Clear Site Data

[mikewest]

WebAppSec will likely be publishing Clear Site Data as a FPWD in the somewhat near future: https://w3c.github.io/webappsec/specs/clear-site-data/. It would be lovely if you folks could take a look from a layering and architectural point of view.

/cc @mnot @slightlyoff @diracdeltas

[diracdeltas]

In 2.1:

If the value of the header’s data-type-list contains cookies or *, then all cookies which would be sent along with any request to the response’s url's host MUST be removed.

This seems to contradict 3.4.4. Namely, if subdomain.example.com sends the clear cookie header, 2.1 implies that a cookie for .example.com would be cleared (since it would have been sent to all subdomains).

[mikewest]

FYI: We've published this as an FPWD: http://www.w3.org/TR/clear-site-data/

@diracdeltas: Cookies are nuts.

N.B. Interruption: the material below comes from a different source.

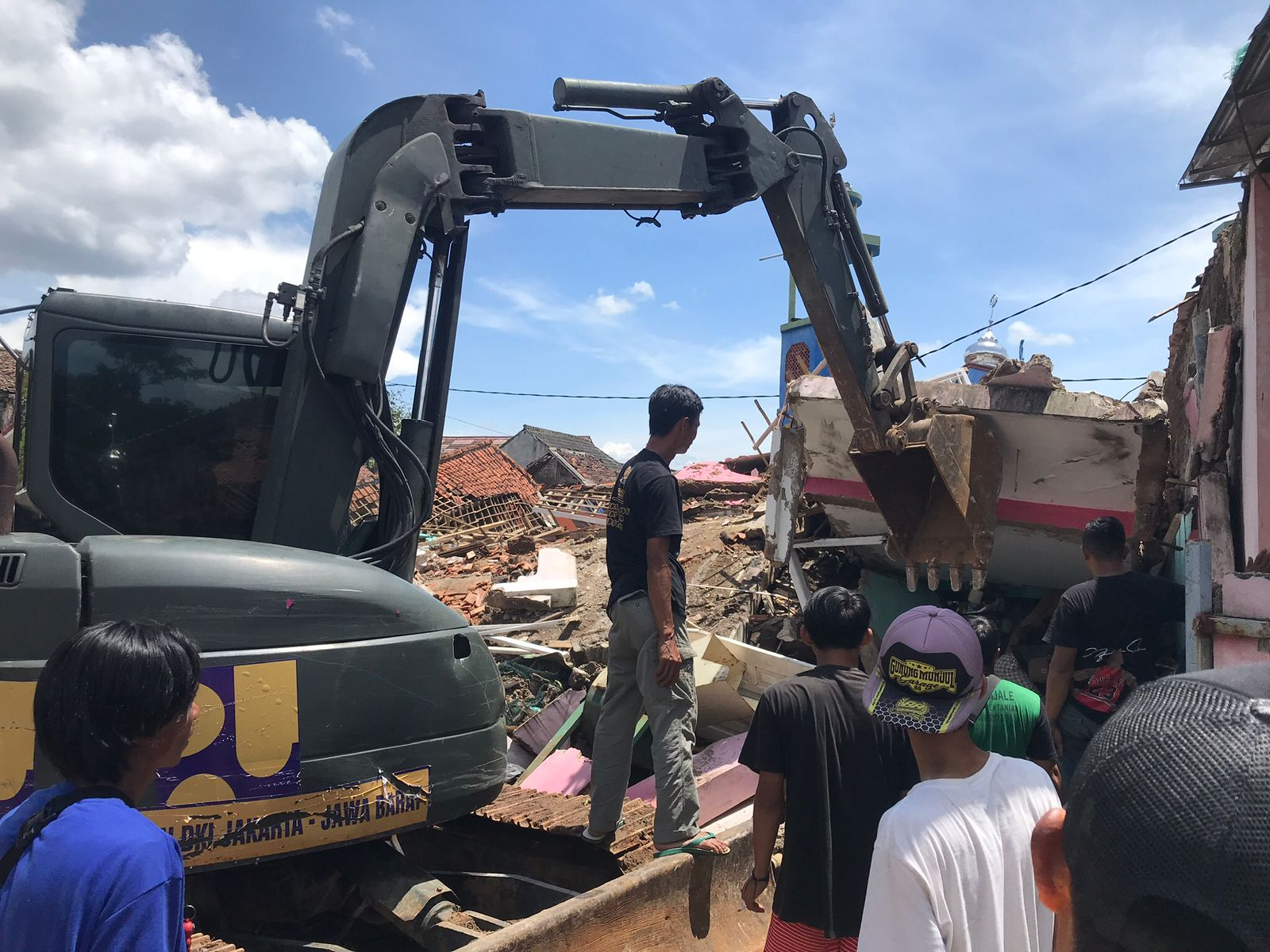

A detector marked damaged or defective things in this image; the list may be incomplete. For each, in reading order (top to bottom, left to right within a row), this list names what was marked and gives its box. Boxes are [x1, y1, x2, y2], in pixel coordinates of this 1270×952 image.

Help.

Basically, I'm not really sure what the right behavior is here. Because cookies implicitly span domains, it's tough to reason about them within an origin-based system. In particular, consider social-network.example.com wants to use this to clear locally stored data on logout, but example.com would murder them in their sleep if they cleared all your state on example.com while doing so.

WDYT, oh great and powerful keepers of the web's architecture?

/cc @slightlyoff @mnot

[mnot]

Should this be Clear-Origin-Data?

WRT Cookies - hm. Giving JS on subdomain.example.com the power to clear a HTTPOnly cookie for *.example.com is... interesting.

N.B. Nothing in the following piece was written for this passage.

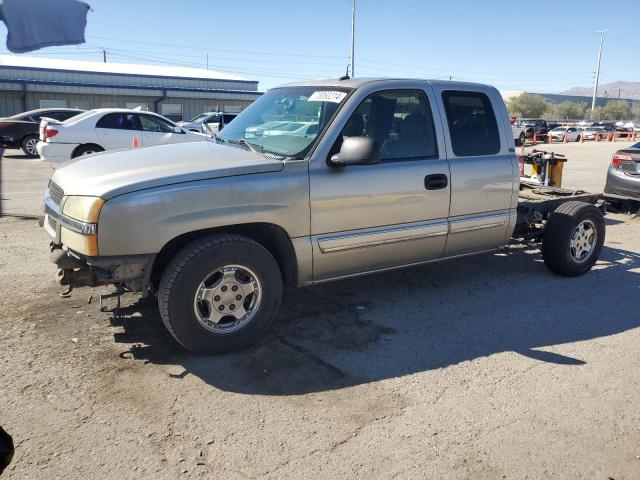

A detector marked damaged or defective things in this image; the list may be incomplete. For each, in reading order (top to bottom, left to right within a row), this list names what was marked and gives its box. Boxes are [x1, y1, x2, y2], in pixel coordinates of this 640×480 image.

cracked asphalt [1, 143, 640, 480]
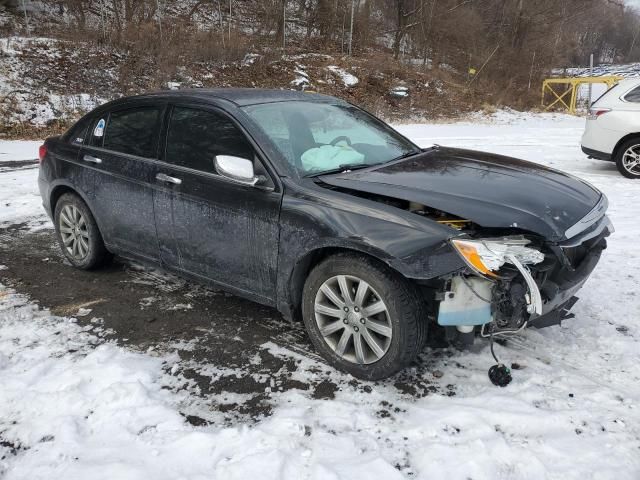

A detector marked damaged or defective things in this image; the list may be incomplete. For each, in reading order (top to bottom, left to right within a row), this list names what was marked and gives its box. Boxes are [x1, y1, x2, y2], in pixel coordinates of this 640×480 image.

damaged black car [38, 90, 608, 380]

If that's a concern, the fix would be to say that say that these cookies (I.e., those with both HTTPOnly and Domain) can only be cleared via JS from an exactly matching origin; e.g., if I want to clear a cookie via JS that has "HTTPOnly; Domain=example.com", I need to clear the site data from example.com (or do it using the response header).

It'd be kind of unfortunate to have that special case in the spec, but it might be necessary.

[mikewest]

Should this be Clear-Origin-Data?

Eh. Maybe? That seemed to rule out subdomain-spanning behaviors, though, so it's not clear to me that it's the right name for the long term.

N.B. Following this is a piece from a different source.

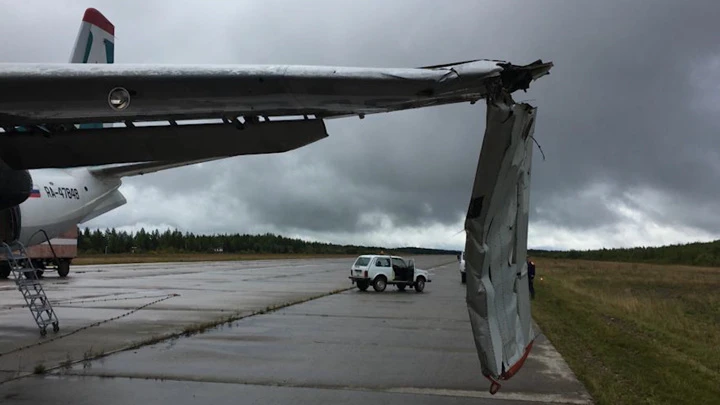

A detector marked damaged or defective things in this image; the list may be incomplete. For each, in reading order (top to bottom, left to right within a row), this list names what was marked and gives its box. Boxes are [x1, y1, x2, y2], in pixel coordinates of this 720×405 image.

torn metal sheet [464, 90, 536, 392]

WRT Cookies - hm. Giving JS on subdomain.example.com the power to clear a HTTPOnly cookie for *.example.com is... interesting.

I suppose. The risk seems low if we clear out every other cookie for *.example.com as well.

Again, cookies are nuts. Paths and domains and etc. make me crazy.

It'd be kind of unfortunate to have that special case in the spec, but it might be necessary.

Why? What risk would that special case mitigate?

[mnot]

It's a genuinely new capability; today, script on a subdomain didn't have the power to clear the "main" domain's cookies if they were HTTPOnly.

In common use today, that may not be a huge problem, given that domains like github.io are separate from github.com (and this seems to be a common pattern), and what's at risk is usually having to log into a site again.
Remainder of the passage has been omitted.